1

I have multiple parentheses and want to remove the parentheses that have at least one number in.

I have tried the following. However, since it is greedy, it removes the first open parenthesis to the last close parenthesis. I have also tried to destroy the greedy feature by excluding an open parenthesis but did not work.

names = ['d((123))', 'd(1a)(ab)', 'd(1a)(ab)(123)']
data = pd.DataFrame(names, columns = ['name'])

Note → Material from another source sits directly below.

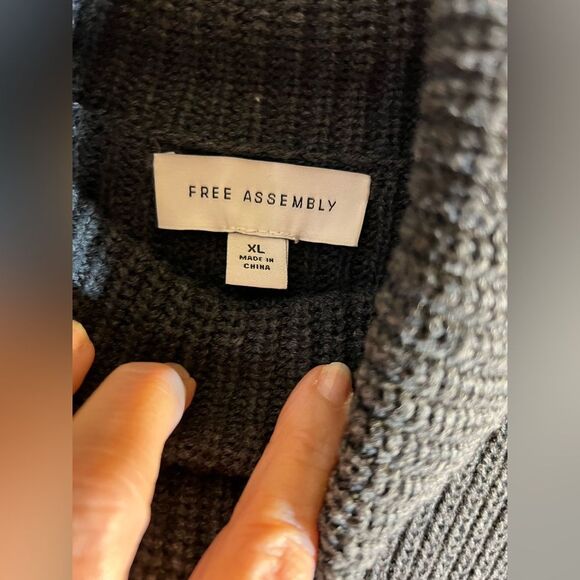 Sweater dress by Free Assembly, charcoal grey, XL, beautiful detailed sleeve - Picture 7 of 7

print(data.name.str.replace("\(.*?\d+.*?\)", ""))
# Output: ['d)', 'd(ab)', 'd']

print(data.name.str.replace("\((?!\().*[\d]+(?!\().*\)",""))
# Output: ['d(', 'd', 'd']

# desired output: ['d', 'd(ab)', 'd(ab)']
Hao Wu
  • 12,323
  • 4
  • 12
  • 39
cccfran
  • 97
  • 5
  • Your problem is about balancing parentheses, so this is probably relevant https://stackoverflow.com/questions/546433/regular-expression-to-match-balanced-parentheses - also, it's not clear what you want in some cases. For example, do you want to go from `'d(ab(12))'` to `'d(ab)'` or to `'d'`? – Grismar Mar 04 '21 at 00:48
  • Playing around with it, I found the issue was with `.` matching parentheses as well as alphanumeric characters. I tried `data.name.str.replace(r'\(+\w*\d+\w*?\)+', "")` and got the desired output. – jrhode2 Mar 04 '21 at 00:54

2 Answers2

3

This regex seems valid: \([^)\d]*?\d+[^)]*?\)+

>>> pattern = '\([^)\d]*?\d+[^)]*?\)+'
>>> names = ['d((123))', 'd(1a)(ab)', 'd(1a)(ab)(123)']
>>> [re.sub(pattern, '', x) for x in names]
['d', 'd(ab)', 'd(ab)']

I don't know if there are more complex cases but for those that you've supplied and similar, it should do the trick.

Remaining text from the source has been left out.